Ray Chen recorded the Tchaikovsksy and Mendelssohn Violin Concerti in 2012, less than five years after playing them to win  first place in the Queen Elisabeth  and Yehudi Menuhin Competitions repectively, in 2009 and 2008.

The excitement and emotion of this concerto’s first movement was joined by an eloquence and calm resolve which comes from living with the work for many years. The cadenza voice with complex bravura gesturing had great pacing.

Any excursion into the high register was delivered witn Chen’s trademark ringing projection. Character changes between the two main subject melodies  were very clearly deliniated by the superb musical and emotional command this soloist always delivers.

Above : Alice Chance, composer of the opening work: ‘Through Changing Landscape’.

Tchaikovsky’s deep emotion and exuberance were respectfully given  equal attention  in this interpretation. Chen’s synergy with SSO, both against the whole band or in the exchanges with soloists such as the flute or clarinet, was so refreshing to witness.

This was especially rewarding in the Canzotta second movement, where all forces worked so well together to trace the lines and development of the sound and emotional intensity.

The super- hero strength contrast achieved in the shift to a very vivacissimo tempo for the last movement was an action sequence  for all to enjoy. The broad strokes, forthright utterances and shifts between more meditative moments and the entire forces taking flight were thrilling to be treated to, and trademark Ray Chen.

The audience included very young audience members, possibly members of his successful Tonic App community  for practice or perfomrance preparation. They would have been enormously inspired by Chen’s stamina and  approach to live performance

These young musicians were also treated to Chen’s superb resonating harmonics, layered chordal playing and shifts back into well voiced moments of calm as he duetted with the orchestra. Audience members of any age gasped at the concluson of the fast finale. They also could enjoy the colourful, compelling co-operation with orchestra thtrough the whole of this  landmark concerto.

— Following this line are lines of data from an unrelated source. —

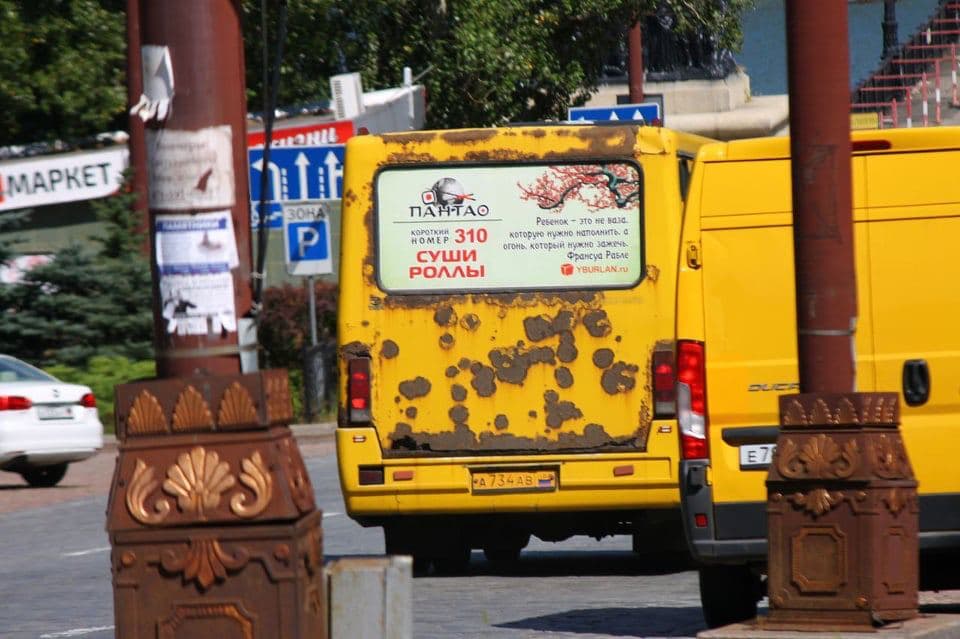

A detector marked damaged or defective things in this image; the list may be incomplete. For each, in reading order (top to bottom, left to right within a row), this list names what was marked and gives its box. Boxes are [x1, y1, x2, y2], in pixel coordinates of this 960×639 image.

rust patch on minibus [462, 314, 484, 332]
rust patch on minibus [580, 312, 612, 340]
rust patch on minibus [380, 340, 400, 360]
rust patch on minibus [398, 376, 432, 400]
rust patch on minibus [470, 362, 498, 398]
rust patch on minibus [488, 348, 556, 382]
rusty yellow minibus rear [338, 124, 712, 568]
rust patch on minibus [592, 350, 616, 370]
rust patch on minibus [600, 360, 636, 396]
rust patch on minibus [544, 390, 580, 430]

Sydney Symphony Orchestra ended the contrasted pictures exhibited and   through this concert with a balanced and thoughtful delivery of Carl Nielsen’s  Symphony No 5 Op 50 from 1922.

The orchestra and conductor unravelled thiscomposition admirably to present a clear reading. Its persistent presence of on and  off-stage military drum, provided with edgy precision by percussionist Rebecca Lagos, hurtled us back to the work’s post-WWI period of composition.

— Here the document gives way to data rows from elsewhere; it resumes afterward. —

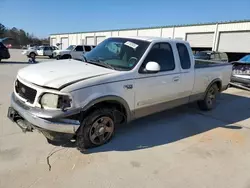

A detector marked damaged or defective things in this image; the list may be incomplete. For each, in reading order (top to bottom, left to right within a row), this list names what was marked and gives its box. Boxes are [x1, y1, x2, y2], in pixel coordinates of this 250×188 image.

damaged front bumper [7, 93, 80, 140]
broken headlight [39, 93, 72, 110]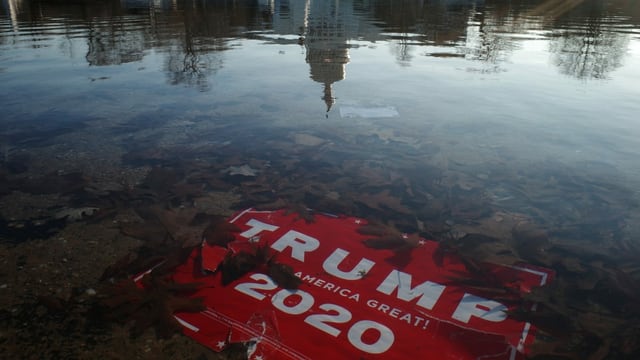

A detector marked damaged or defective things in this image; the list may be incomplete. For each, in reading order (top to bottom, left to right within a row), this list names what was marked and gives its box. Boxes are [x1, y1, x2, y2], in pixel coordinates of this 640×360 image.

damaged sign [148, 210, 552, 358]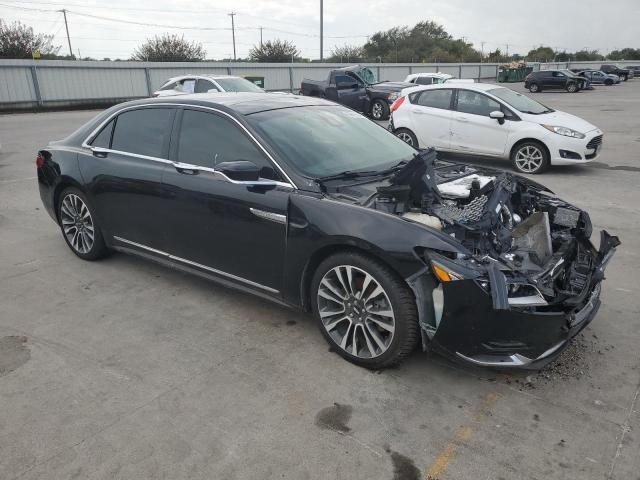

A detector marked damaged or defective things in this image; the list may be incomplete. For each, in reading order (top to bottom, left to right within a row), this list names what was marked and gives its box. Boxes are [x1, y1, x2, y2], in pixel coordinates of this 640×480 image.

crumpled hood [524, 111, 600, 135]
wrecked black car [37, 94, 616, 372]
damaged front bumper [410, 231, 620, 370]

The well-measured approach to slow changes in mood and orchestral shapes were harnessed by SSO. Conductor David Robertson and the orchestra led us through some impressive moments of organic growth. This was a worthwhile introduction to or reminder of the stilled atmospheres manipulated during this symphony.

Nielsen’s Symphony No 5 was yet another colour with which to end this varied concert. This was  a concert  which had already offered us a new work, a famous concerto and Waltzing Matilda  in arrangement by Ray Chen himself for an encore  prior to a massive ovation for the popular guest.

August concerts from SSO include Beethoven’s Pastoral Symphony conducted by Simone Young and Principal Oboe Diana Doherty perfoming music by Ross Edwards.